To facilitate this mode of operation, event message network 220 transmits event messages between the test instruments and the shared event coordinator 218. Any occurrence of significance in test system 300 or the DUT may be considered as an "event". For example, an initial "power up" of the DUT may be defined by system 300 as a "power up event", or when a test instrument determines that the DUT has generated a responsive signal that matches a particular desired pattern, the test instrument may declare that a particular "measurement event" has occurred.
In preferred modes of operation of system 300, each event message transmitted by event message network 220 indicates that a particular event has occurred. Each event message preferably includes an event component that indicates which event has occurred, and a timestamp component that indicates when the event occurred. Each event message may also include additional components that indicate particular features or parameters of the event (e.g., a voltage or a current level of a responsive signal).

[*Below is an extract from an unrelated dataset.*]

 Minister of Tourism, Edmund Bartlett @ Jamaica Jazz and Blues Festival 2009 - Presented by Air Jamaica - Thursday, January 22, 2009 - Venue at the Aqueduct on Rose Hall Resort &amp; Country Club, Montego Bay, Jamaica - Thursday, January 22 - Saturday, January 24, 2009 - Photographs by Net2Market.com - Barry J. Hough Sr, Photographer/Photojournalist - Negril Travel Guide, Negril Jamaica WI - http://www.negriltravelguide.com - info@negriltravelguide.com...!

In operation, one of the test instruments may be configured to observe the occurrence of a particular event and to inform other test instruments when that particular event occurs. For example, if the ith test instrument TINi is configured to monitor a particular measurement event, say event "x", then the local measurement portion LMPi observes the DUT at preselected scheduled times to determine whether event x has occurred. When the local measurement portion LMPi detects the occurrence of event x then the local measurement portion LMPi applies an output signal to the local timestamp generator LTSGi and thereby indicates to the local timestamp generator LSTGi that event x has occurred. In response to this output signal, the local timestamp generator LTSGi generates a timestamp by recording, or "capturing", the current value of the local timestamp signal LTSSi. The local timestamp generator LTSGi then applies an output signal to the local event message generator LEMGi and thereby indicates to the local event message generator LEMGi that event x has occurred at a time that is represented by the recorded timestamp. The local event message generator LEMGi then generates an event message and applies this event message to the event message network 220. The event message preferably includes an event component stating that event x has occurred and a timestamp component indicative of the timestamp recorded by the local timestamp generator LTSGi. When calibration values are available, the timestamp in the event message may be corrected to reflect the event time in the frame of reference of the DUT.

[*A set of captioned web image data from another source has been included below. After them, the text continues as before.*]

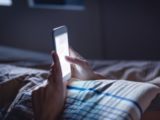 Почему нельзя пользоваться телефоном перед сном. Запомните на всю жизнь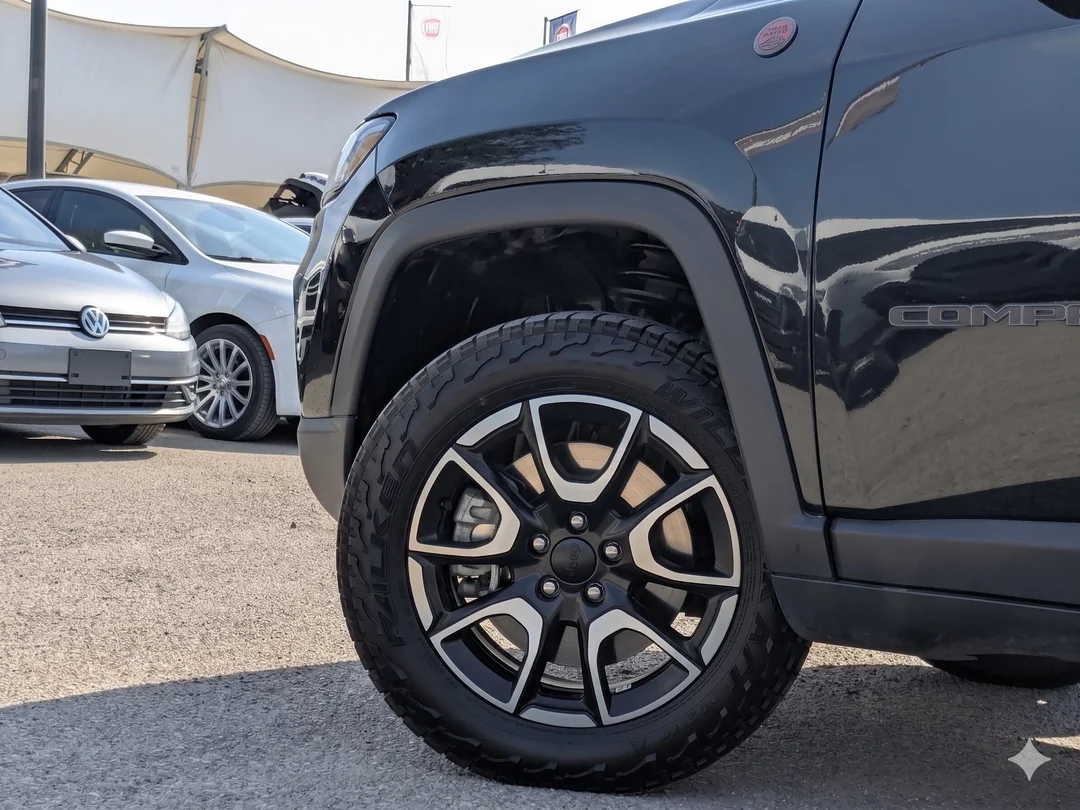 Certified Used 2024 Black Jeep Trailhawk - - 4x4 - Leather - Sun & Sound Grp - Alpine Audio - NAV & More! image 9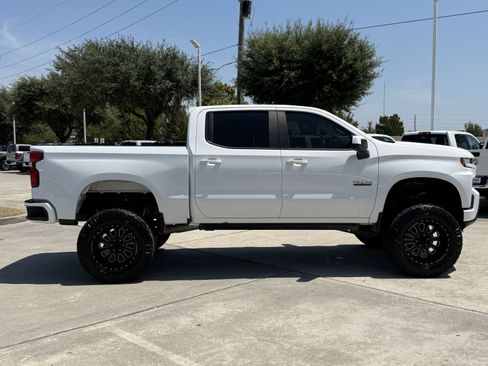 Used 2019 Chevrolet Silverado 1500 LT w/ Texas Edition RWD image 3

Continuing this example, the jth test instrument TINj may be configured to perform a specific action (e.g., generate a particular stimulus signal) or set of actions in response to the occurrence of event x. When the local event receiver LERj in the jth test instrument TINj receives the event message indicating that event x has occurred, the local event receiver LERj applies an output signal to the local instrument controller LICj. The local instrument controller then stores one or more local trigger values in the local trigger generator LTGj so that the local trigger generator LTGj will generate local trigger signals at appropriate times so that the jth test instrument TINj may perform its specific actions in response to the occurrence of event x. The local instrument controller LICj may of course also apply appropriate control signals to the local stimulus portion or the local measurement portion so that these portions will respond appropriately when they receive the local trigger signals.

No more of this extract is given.